> Material provided
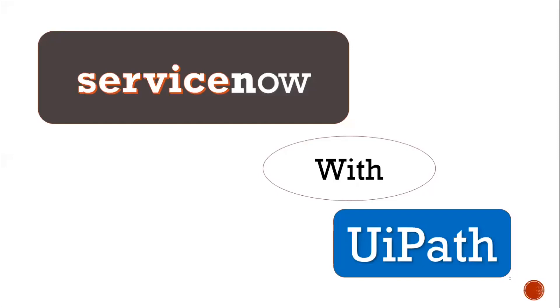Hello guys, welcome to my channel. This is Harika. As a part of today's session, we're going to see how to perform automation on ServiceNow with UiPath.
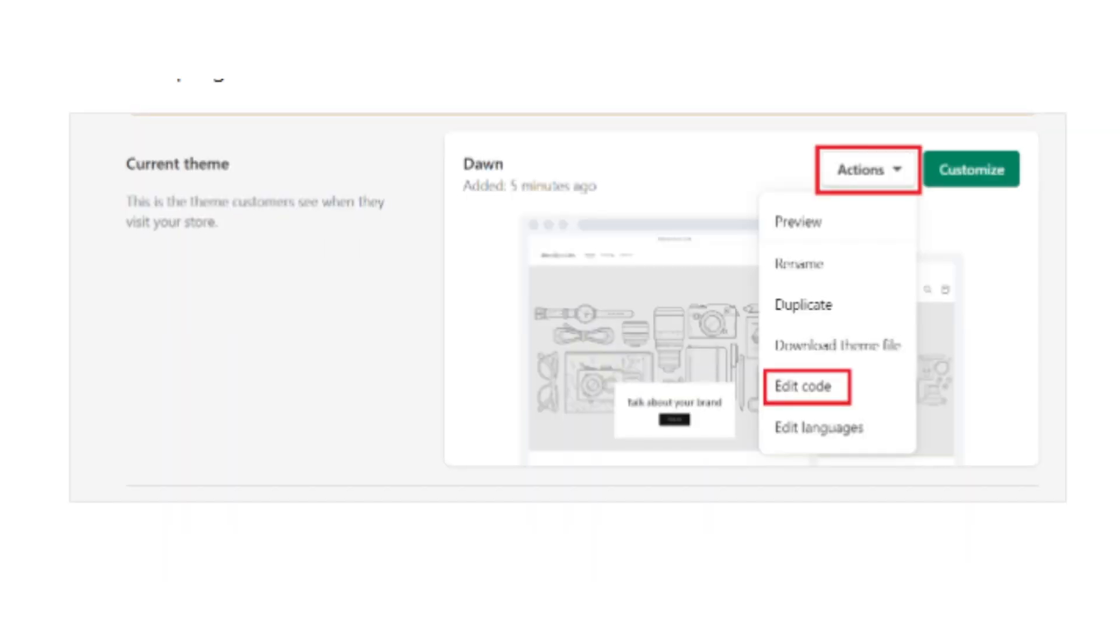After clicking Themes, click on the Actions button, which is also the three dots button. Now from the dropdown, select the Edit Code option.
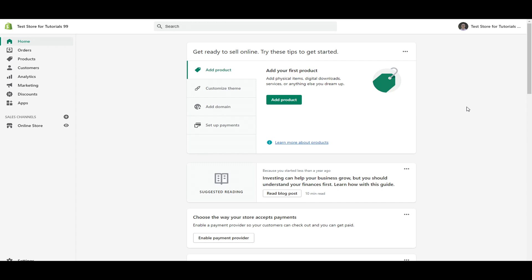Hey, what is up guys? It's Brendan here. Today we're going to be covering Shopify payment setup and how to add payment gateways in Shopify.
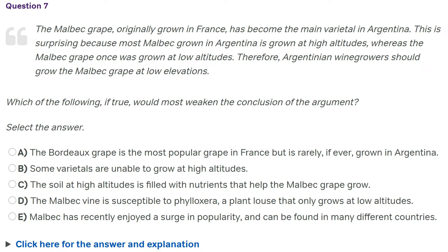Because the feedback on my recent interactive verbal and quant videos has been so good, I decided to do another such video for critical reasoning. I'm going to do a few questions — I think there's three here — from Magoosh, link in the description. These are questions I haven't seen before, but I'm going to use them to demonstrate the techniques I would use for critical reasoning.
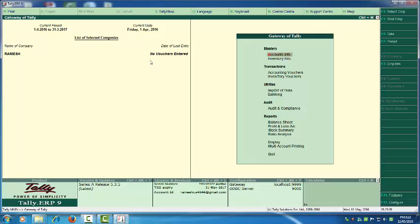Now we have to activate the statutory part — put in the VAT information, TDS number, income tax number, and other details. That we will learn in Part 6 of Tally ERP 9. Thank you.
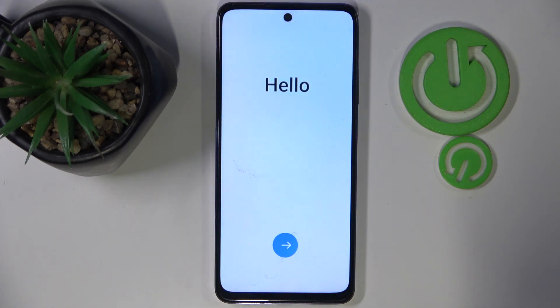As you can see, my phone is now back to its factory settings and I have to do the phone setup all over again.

> Task instructions
Your copy should begin at the line containing "After clicking Themes, click" and end at the last line of the data above, matching each line exactly and holding no pictures.

> Written answer
After clicking Themes, click on the Actions button, which is also the three dots button. Now from the dropdown, select the Edit Code option.
Hey, what is up guys? It's Brendan here. Today we're going to be covering Shopify payment setup and how to add payment gateways in Shopify.
Because the feedback on my recent interactive verbal and quant videos has been so good, I decided to do another such video for critical reasoning. I'm going to do a few questions — I think there's three here — from Magoosh, link in the description. These are questions I haven't seen before, but I'm going to use them to demonstrate the techniques I would use for critical reasoning.
Now we have to activate the statutory part — put in the VAT information, TDS number, income tax number, and other details. That we will learn in Part 6 of Tally ERP 9. Thank you.
As you can see, my phone is now back to its factory settings and I have to do the phone setup all over again.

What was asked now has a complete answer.